TaraGoFish! is a multi-purpose gadget for fisherfolks that helps them safely venture into marine waters using GNSS and positioning technologies.
🎣What's the Catch?
Boat-to-boat collisions is a common maritime accident in the Philippines.
Numerous cases in the Philippines have reported missing fishermen due to the collision of small-scale fishing boats to larger cargo vessels in choppy waters. One reason for these accidents is that small-scale fishermen communities have no access to proper tracking and communication devices to ensure their safety. For instance, a news report published in June 2020 involved a collision of a Hong Kong vessel that crashed a Filipino fishing vessel, which left 14 people missing during the incident (Source). This is because large scale commercial ships do not see the “bangka” (boat) of small scale fishermen in their Automatic identification system (AIS) radar. Even if these small-scale fishermen were seen through any physical means, it would be too late for the larger cargos to shift their course to avoid collision.
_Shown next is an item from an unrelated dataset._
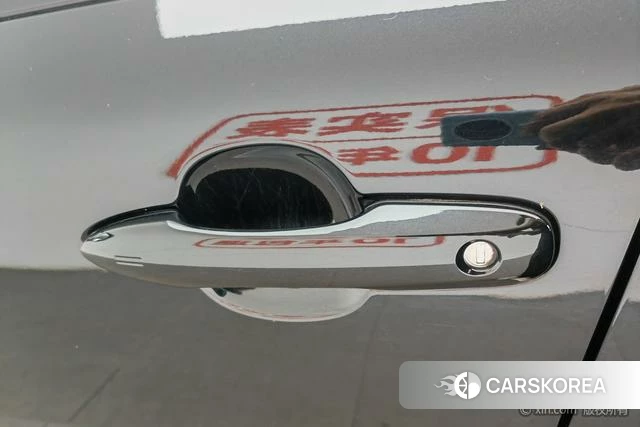Toyota Fenglanda id 4334869 из Китая 13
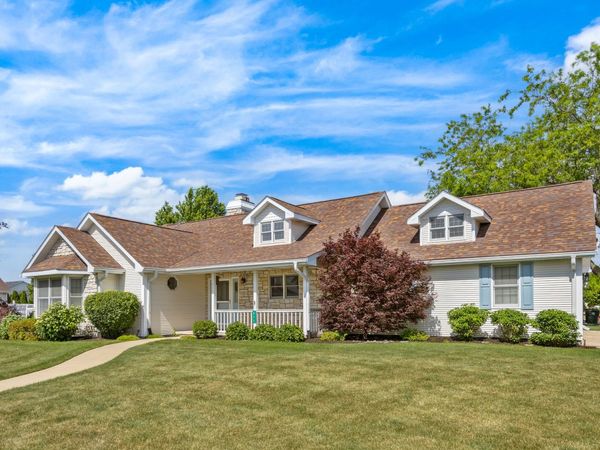 511 S Poplar Street, Manteno, IL 60950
Through TaraGoFish, fisherfolks can now be safer than ever before.
With the help of TaraGoFish, local fishermen are now present on the AIS map and would have an affordable multipurpose handheld device that they can put in their boat. Furthermore, this device can warn the fishermen of a possible collision and also alert the Philippine Coast Guard of an emergency.
The TaraGoFish device would include the SAR Beacon which will transmit real time position data to the Philippine Coast Guard wherein it will be connected into the AIS database for collision detection. Additionally, the fishermen can also use this SAR Beacon to directly alert for an emergency.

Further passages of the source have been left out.